*EXERCISE DIRECTIONS*: Excluding pictures, what does the listing below contain from the line with "UCT-WMCO 4,7 (12X4) Laidų ženklinimas" up to and including the line with "CASA EN VENTA UBICADA EN ZONA NORTE", word for word?

*MATERIAL FOR THIS EXERCISE*:

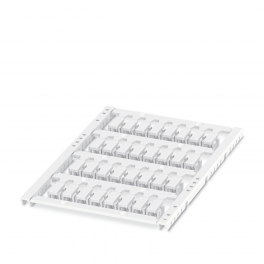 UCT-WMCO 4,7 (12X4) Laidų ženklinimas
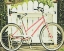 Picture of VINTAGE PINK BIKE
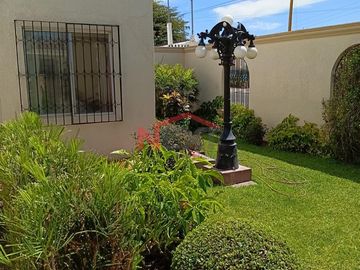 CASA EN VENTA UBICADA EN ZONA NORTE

* * *

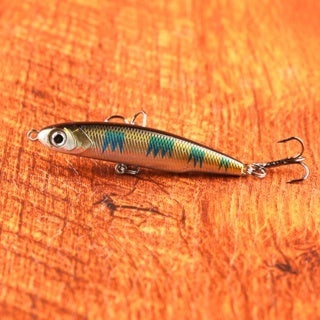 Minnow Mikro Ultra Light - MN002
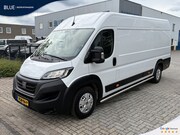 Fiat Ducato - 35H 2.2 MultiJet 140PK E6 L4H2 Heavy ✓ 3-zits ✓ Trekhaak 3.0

---

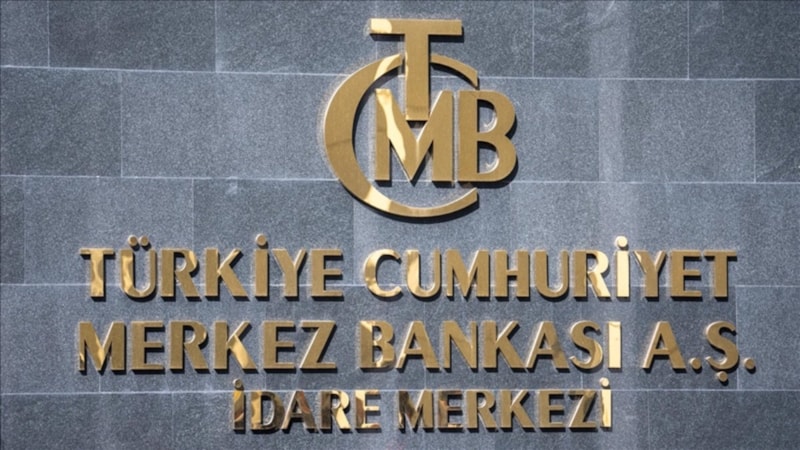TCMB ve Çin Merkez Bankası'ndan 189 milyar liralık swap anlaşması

*ANSWER BOX*:
 UCT-WMCO 4,7 (12X4) Laidų ženklinimas
 Picture of VINTAGE PINK BIKE
 CASA EN VENTA UBICADA EN ZONA NORTE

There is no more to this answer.